Training does shutdown right after start

ErikSchulze1796 commented 2 years ago

Hey Fabian, I got a problem when I execute the python_job.sh in order to start a training: After I execute the script I can see the 12 trajectories are being generated in the JOB screen but they are closed right after start and the SLURM output files just say this here:

/var/tmp/slurmd_spool/job1711768/slurm_script: Zeile 13: ./Allrun.singularity: Keine Berechtigung

Do you know any fix for this? Maybe I set up the repository incorrectly..

greetings Erik

FabianGabriel commented 2 years ago

Hi Erik,

it looks like the Allrun.singularity file lacks the permission to be executed. That is something I have encountered too. You can change this with the "chmod" command. For that navigate to the base case in "DRL_py\env\base_case\agentRotatingWallVelocity" and change the permissions there. It will copy the permissions into each individual trajectory.

Greetings Fabian

ErikSchulze1796 commented 2 years ago

I suspected something like this. That did the trick for this error, although I encountered a new one ^^

cp: der Aufruf von stat für „./env/base_case/baseline_data/Re_100/processor0/4.71025“ ist nicht möglich: Datei oder Verzeichnis nicht gefunden

I checked the directory and the folder baseline_data is not there, so do I have to run some script first to create it or is there something hardcoded that I have to change first?

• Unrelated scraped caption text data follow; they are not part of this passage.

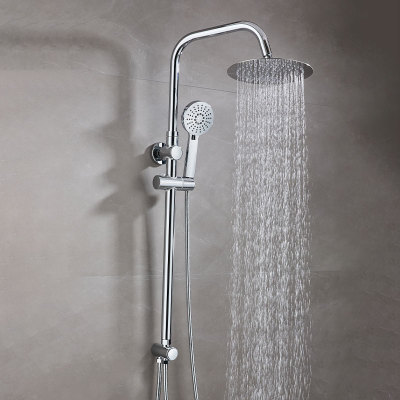 SUS 304 big size extensible shower pipe shower set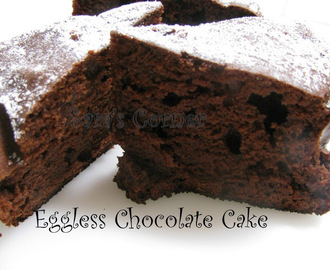 Eggless Chocolate Cake has won Best Cake Recipe!!!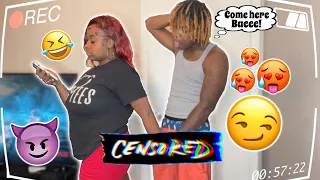 CONSTANTLY RUBBING BF "BRICK" 😏THEN IGNORING HIM TO SEE HOW HE REACTS...**MUST WATCH**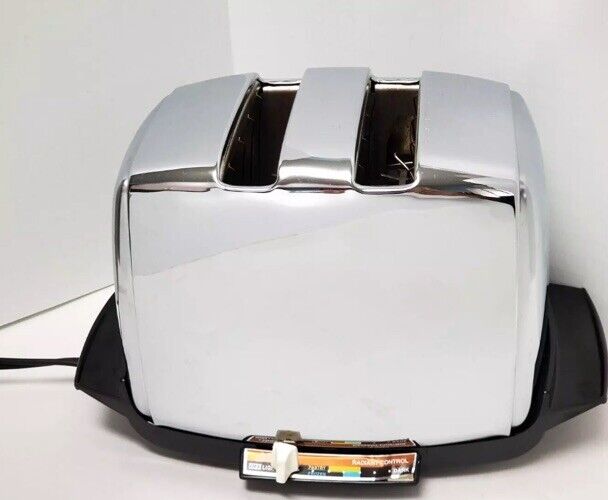 Vintage Sunbeam Toaster 20-3 AG Radiant Control Auto Drop 2-Slice Chrome Works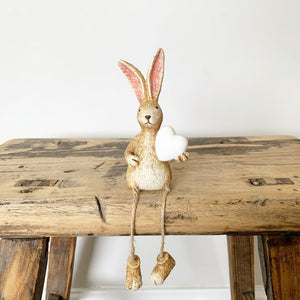 Sitting Rabbit with Heart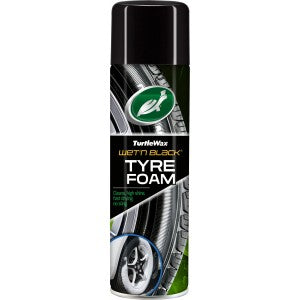 TURTLE WAX WET‘N’BLACK TYRE FOAM 500ML Почистване на гуми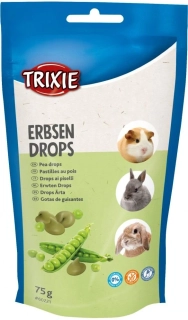 Pamlsek pro hlodavce - hráškové dropsy 75 g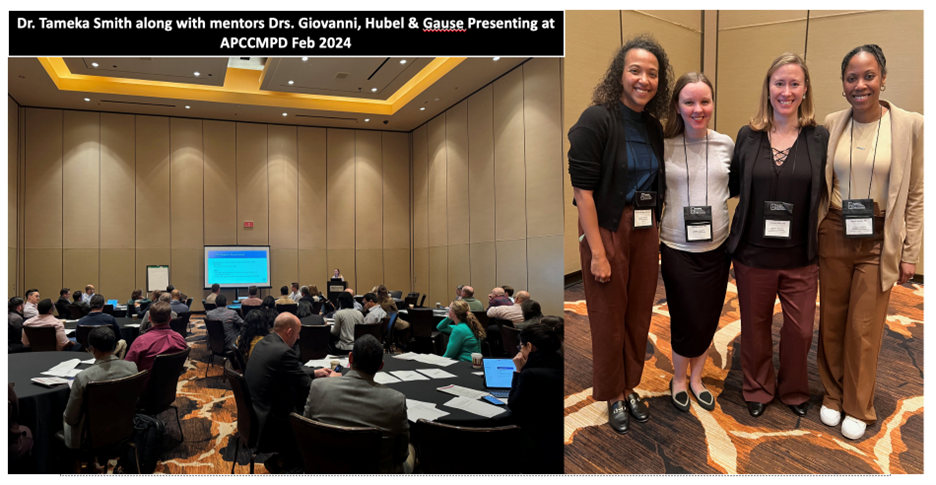 Photograph of Dr. Tameka Smith presenting at ATS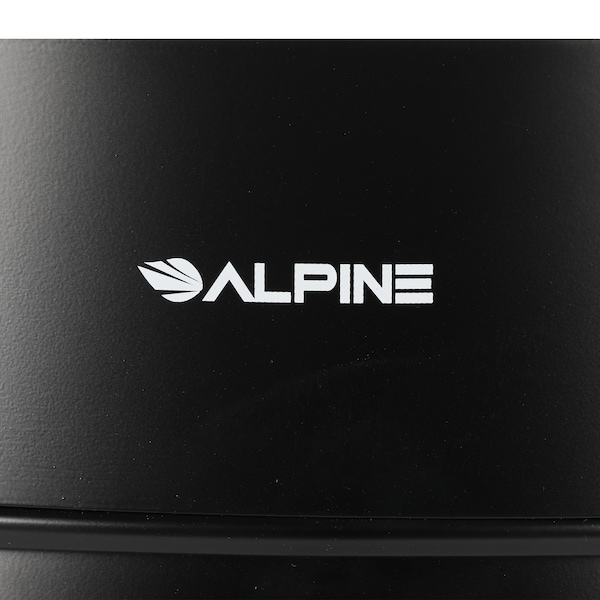 Alpine Industries 50 Gallon Stainless Steel Compost Bin and Trash Can Black ALP475-50-BLK-CO-T - main
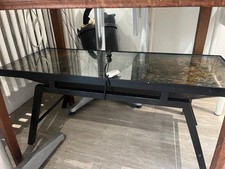 table basse vitrail lumineuse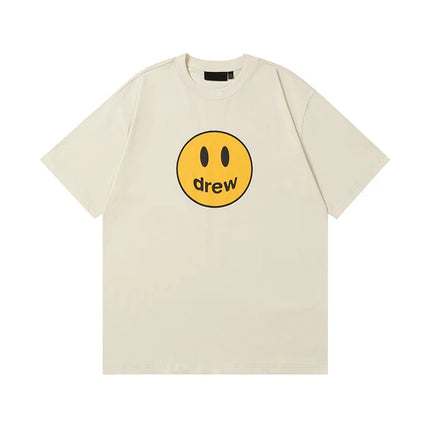 Drew House Print Short-Sleeve High-Street Casual Couple's Oversized T-Shirt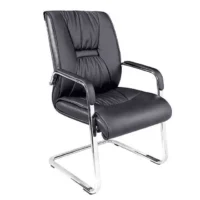 Pure leather office waiting seat - Image 2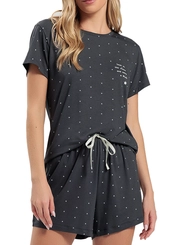 Pijama Feminino Curto Espaço Pijama 4010474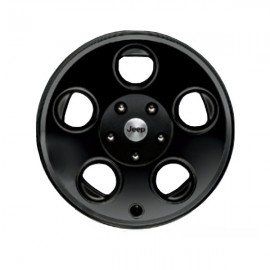 2007 2012 Jeep Wrangler Mopar Wheel, 17x8.5 Classic 5 Hole Black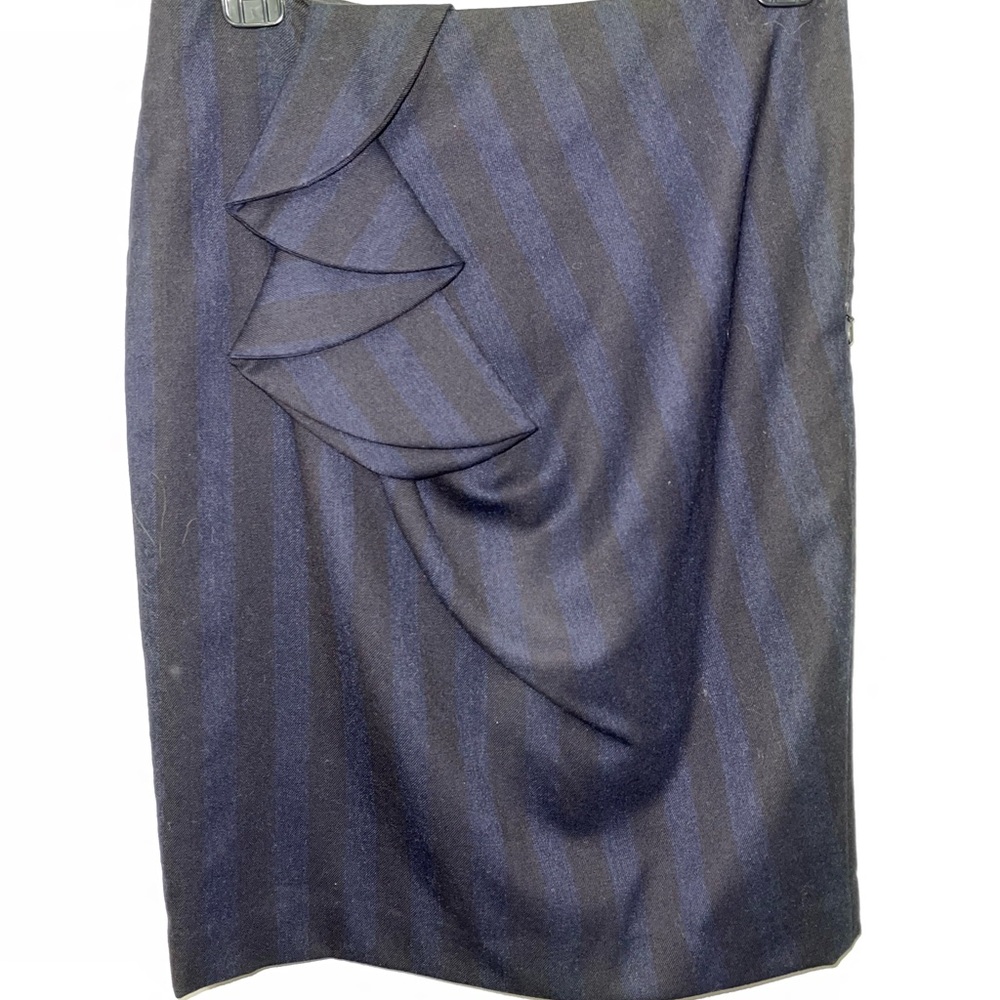 Black and navy blue skirt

Edit: Just talked to Andre and he mentioned that you edited the starting time of the training to 4.5 sec or so. As I understood I have to generate the first few seconds of the uncontrolled trajectories in order to get the training started. Do I have to run the Allrun.singularity script in the ./env/base_case/agentRotatingWallVelocity/ ?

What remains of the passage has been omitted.